En ese sentido, Vampyr no se sirve de los habituales recursos efectistas para inspirar desasosiego, sino que el suyo es un terror que nace de la creación de una determinada atmósfera, a medio camino entre la realidad y la pesadilla más absoluta. De esta misma fuente beberán el Cocteau de Orfeo (1950) —la escena en la que el féretro de Allan Gray (Julian West) se desplaza a toda velocidad así lo corrobora—, el Bergman de Vargtimmen (1968) o el David Lynch de Eraserhead (1977).
De todo lo cual se desprende que nos hallamos frente a una obra canónica, que ha servido de inspiración a cineastas de todas las épocas y de toda condición. Hasta un director en apariencia tan alejado de Dreyer como es el Peter Weir de Único testigo (1985) no puede negar que la muerte de los villanos en el interior de un depósito de grano está inspirada en la del doctor (Jan Hieronimko), sepultado bajo el peso de toneladas de harina.

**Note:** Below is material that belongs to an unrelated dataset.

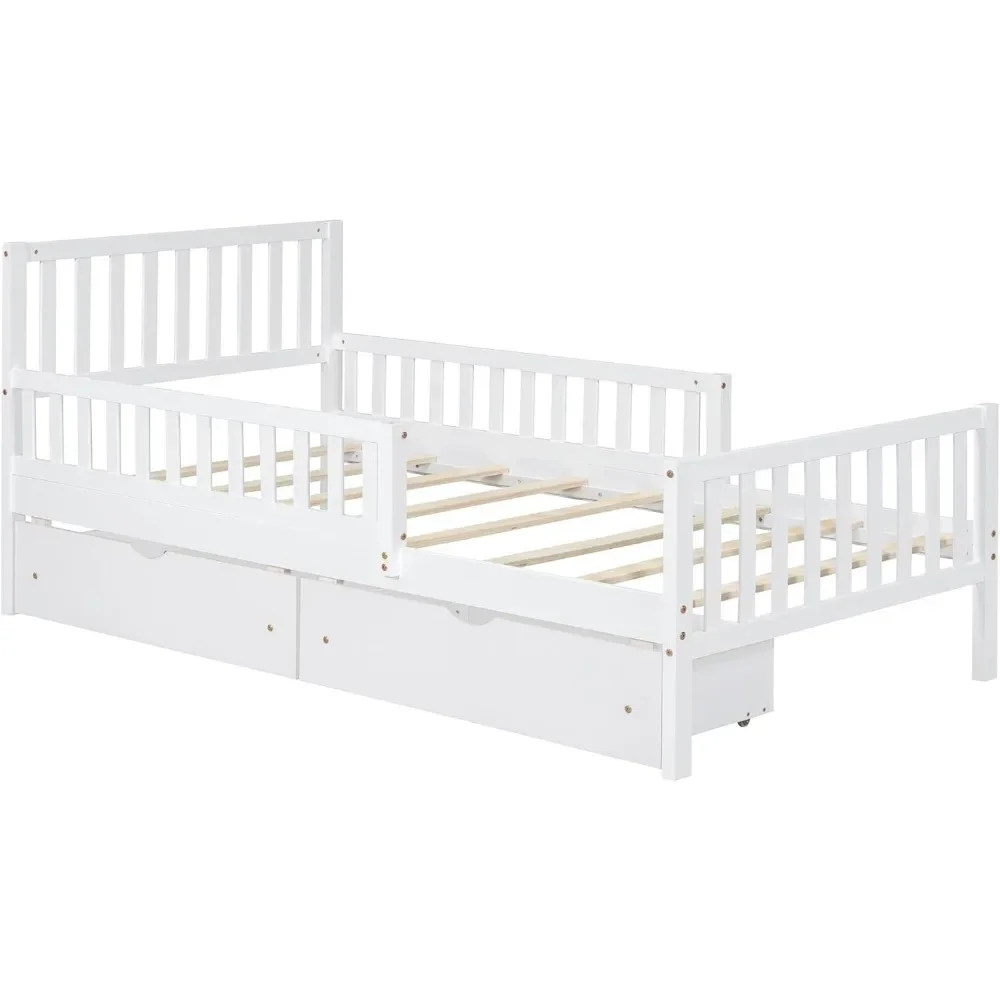 Children\'s bed.Kids Twin Bed with GuardrailsLow Platform Bed with Headboard and Footboard,White Children Bed Frame with2Drawers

Aun así, un pequeño reproche que se le podría objetar a la puesta en escena ideada por el danés es el hecho de que recurre con demasiada insistencia a la letra impresa para reproducir en pantalla pasajes de un antiguo libro o simplemente con tal de ponernos en situación: lastre de la época muda mediante el que, en esta primera fase del cine sonoro, se pretendían solventar los titubeos inherentes a una nueva forma de narrar historias.